• Task details
Output the line that contains "LAKE LOUISE INN photo 4" together with each line after it, through the final line of the listing below, word for word; omit pictures.

• Given data
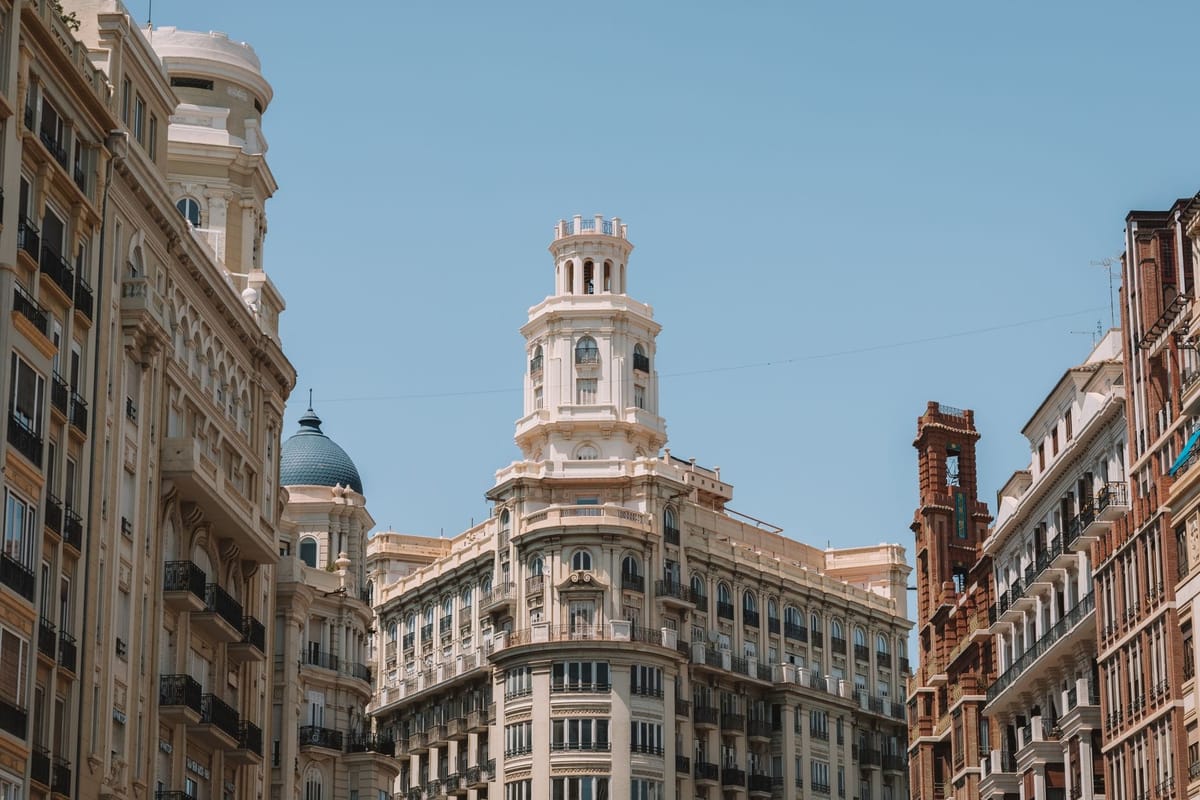 The empadronamiento in Valencia: registering with the town hall, the basis of everything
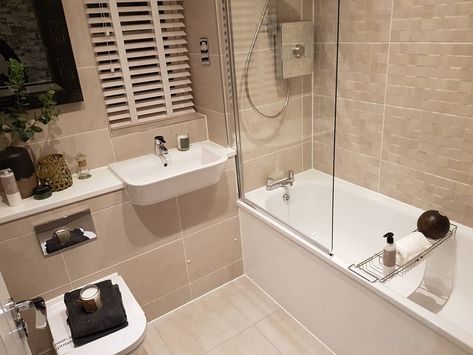 Taylor Wimpey showhome Taylor Wimpey Bathroom, Main Bathroom Ideas Modern, Showhome Bathroom, Medium Bathroom, Main Bathroom Ideas, Taylor Wimpey, Painting Bathroom Cabinets, Modern Small Bathrooms, New House Bathroom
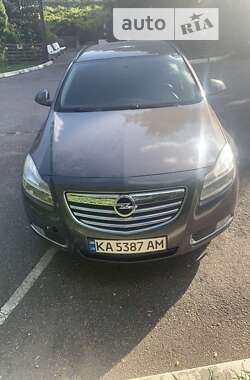 Универсал Opel Insignia 2011 в 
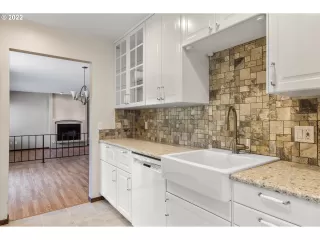 Photo #6: 22230778 Listing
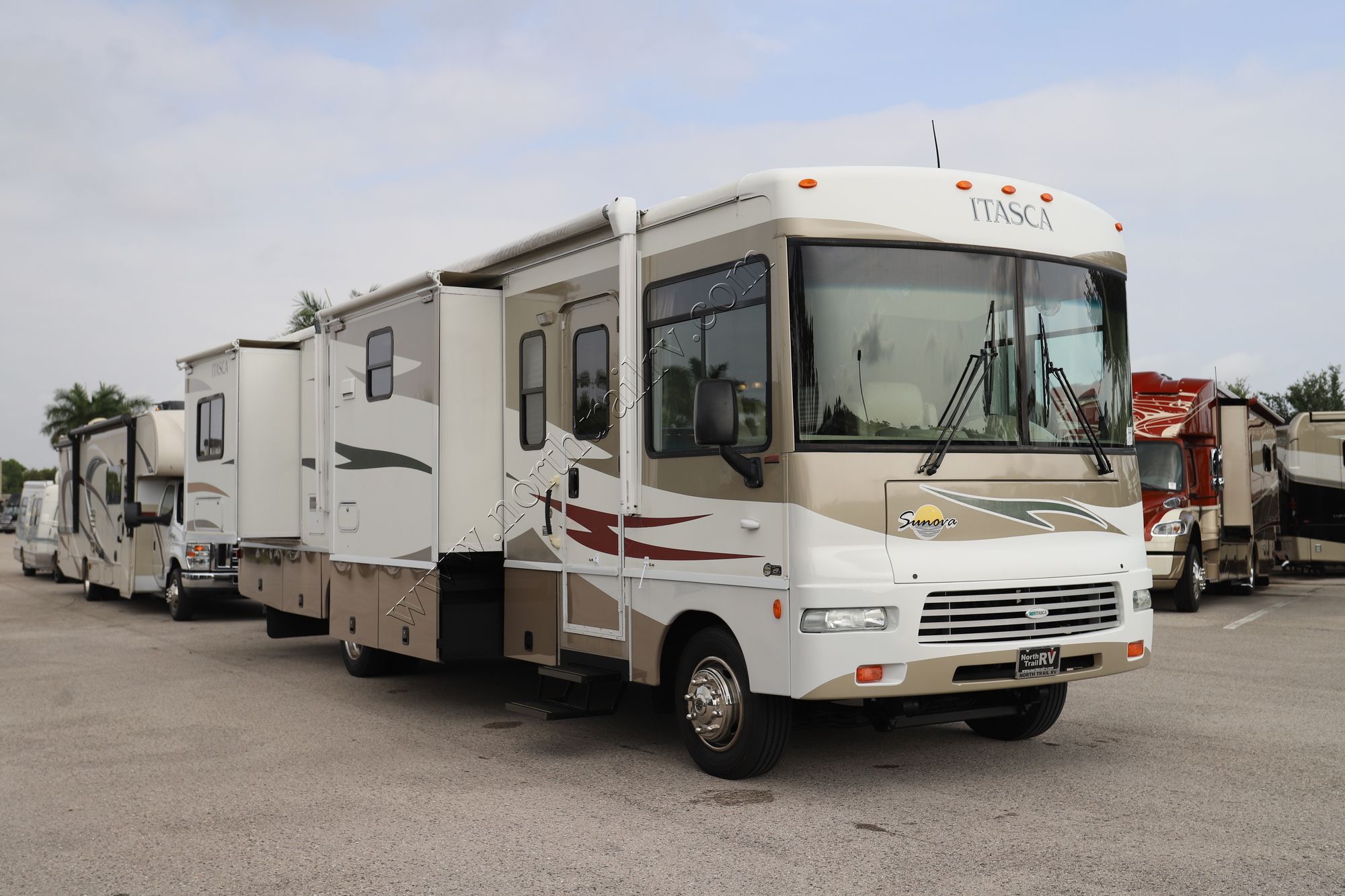 Used 2007 Itasca Sunova 34A Class A  For Sale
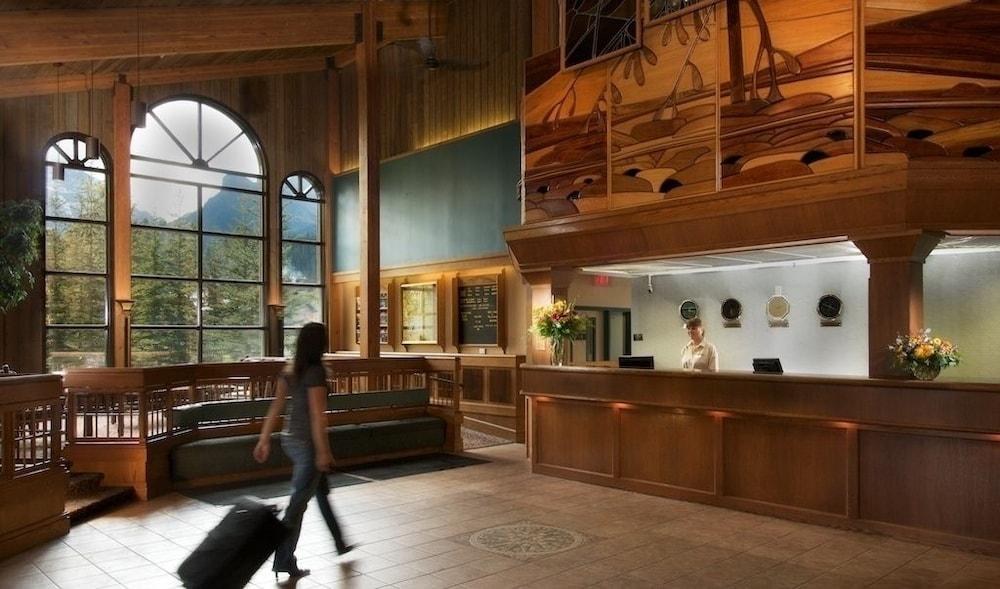 LAKE LOUISE INN photo 4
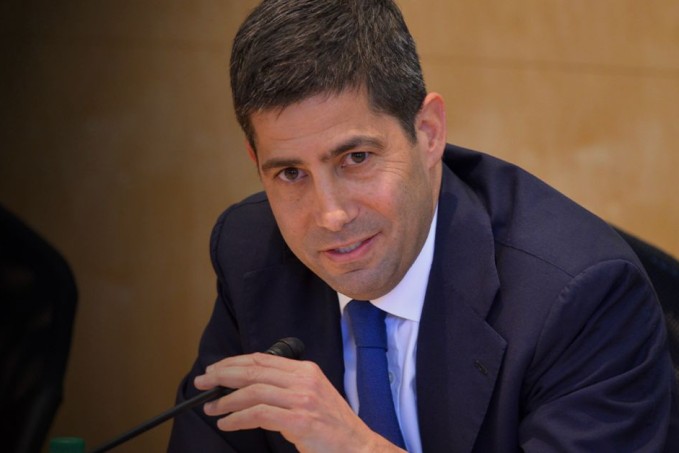 A Era Warsh no Fed: balanço, IA e o futuro dos juros em 2026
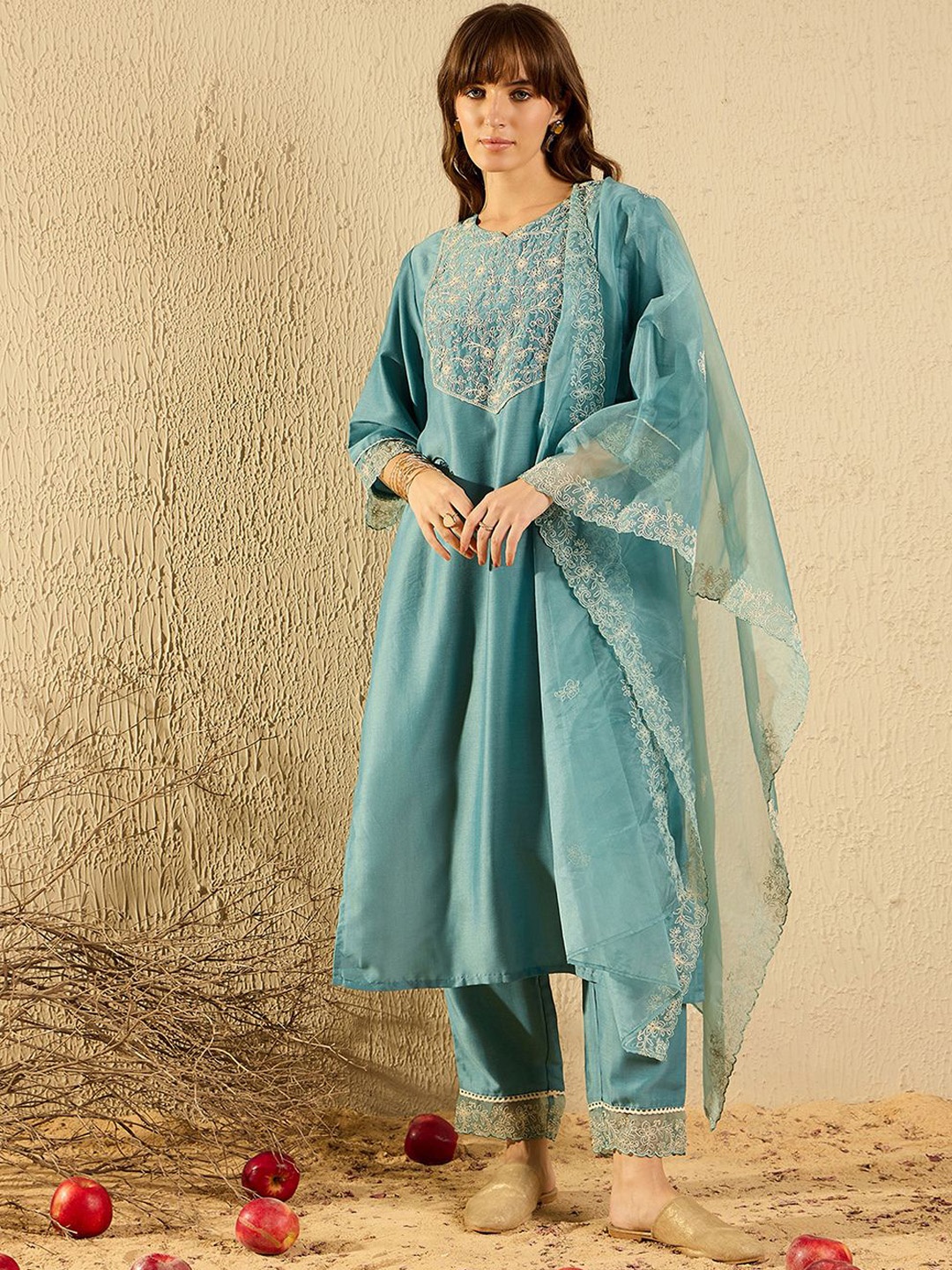 Indo Era Women Floral Embroidered Regular Kurta with Trousers & With Dupatta, Sea green
Indo Era Women Floral Embroidered Regular Kurta with Trousers & With Dupatta, Sea green
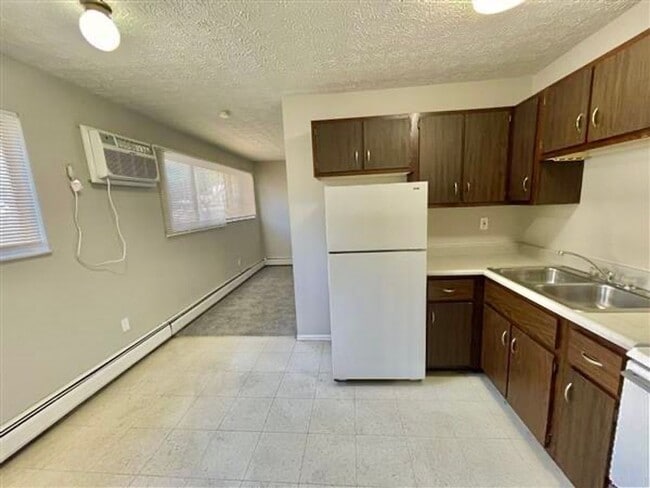 Photo - 4126 W 8th St Unit 4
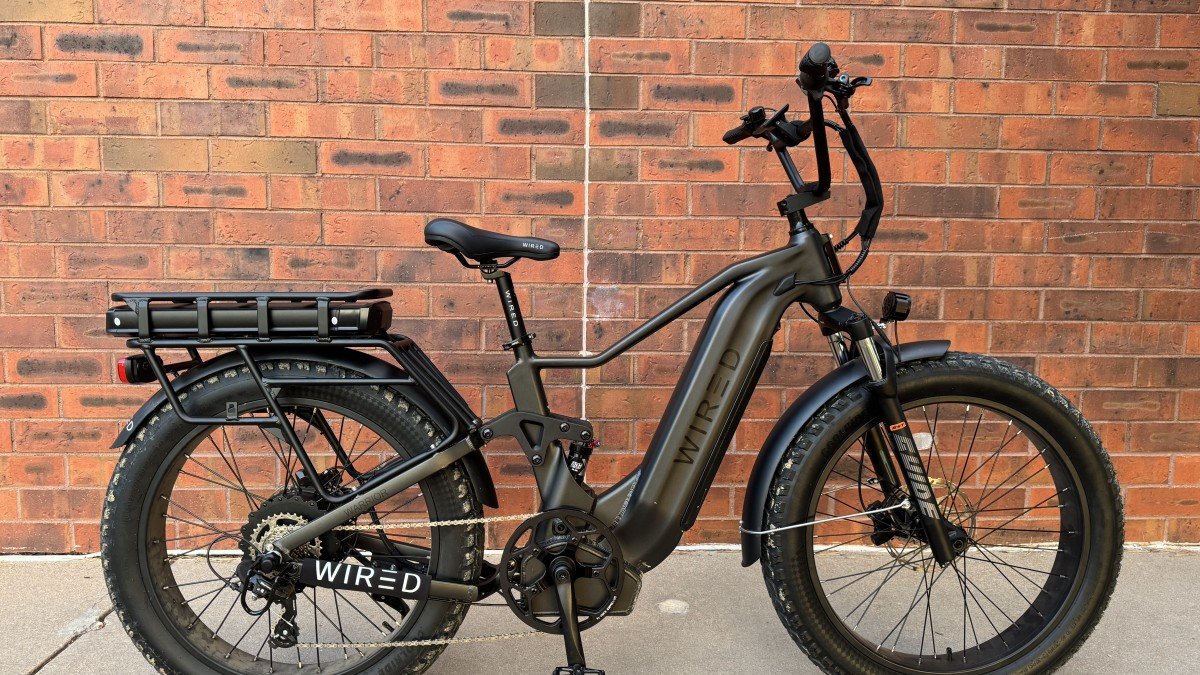 2025 Wired Ebikes Warrior wired warrior stand over height.HEIC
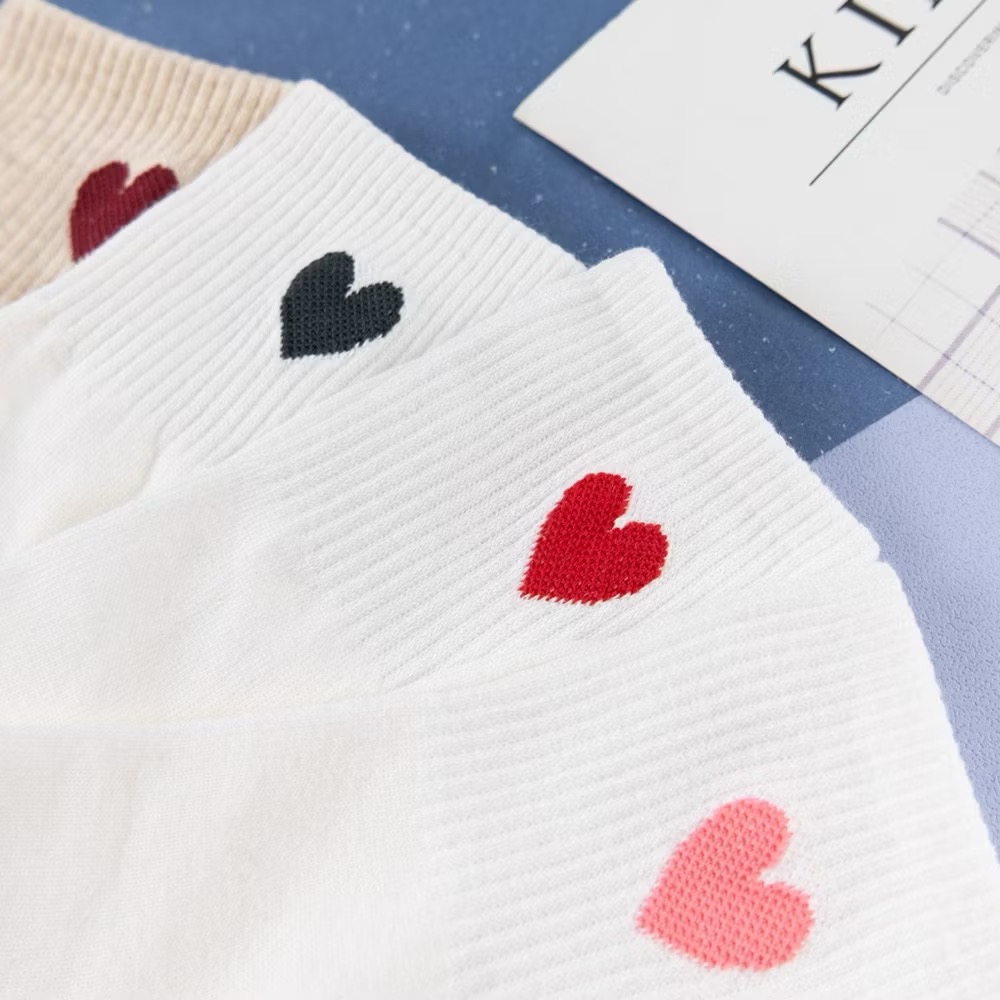 AHUA 韓國襪子 純色愛心中筒襪 女生襪子 女襪 襪子推薦 正韓襪子 純棉襪子 素色襪子 白襪 K0156 阿華有事嗎-細節圖6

• Task output
 LAKE LOUISE INN photo 4
 A Era Warsh no Fed: balanço, IA e o futuro dos juros em 2026
 Indo Era Women Floral Embroidered Regular Kurta with Trousers & With Dupatta, Sea green
Indo Era Women Floral Embroidered Regular Kurta with Trousers & With Dupatta, Sea green
 Photo - 4126 W 8th St Unit 4
 2025 Wired Ebikes Warrior wired warrior stand over height.HEIC
 AHUA 韓國襪子 純色愛心中筒襪 女生襪子 女襪 襪子推薦 正韓襪子 純棉襪子 素色襪子 白襪 K0156 阿華有事嗎-細節圖6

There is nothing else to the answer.